--- START ---

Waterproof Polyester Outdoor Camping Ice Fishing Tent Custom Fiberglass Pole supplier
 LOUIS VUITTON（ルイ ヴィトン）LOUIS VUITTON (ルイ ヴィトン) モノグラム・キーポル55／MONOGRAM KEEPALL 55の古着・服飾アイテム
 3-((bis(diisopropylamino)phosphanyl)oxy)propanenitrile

--- END ---

WHAT THE EXERCISE ASKS -
Write the listing out again, exactly as shown above.

ANSWER TO THE PROBLEM -
Waterproof Polyester Outdoor Camping Ice Fishing Tent Custom Fiberglass Pole supplier
 LOUIS VUITTON（ルイ ヴィトン）LOUIS VUITTON (ルイ ヴィトン) モノグラム・キーポル55／MONOGRAM KEEPALL 55の古着・服飾アイテム
 3-((bis(diisopropylamino)phosphanyl)oxy)propanenitrile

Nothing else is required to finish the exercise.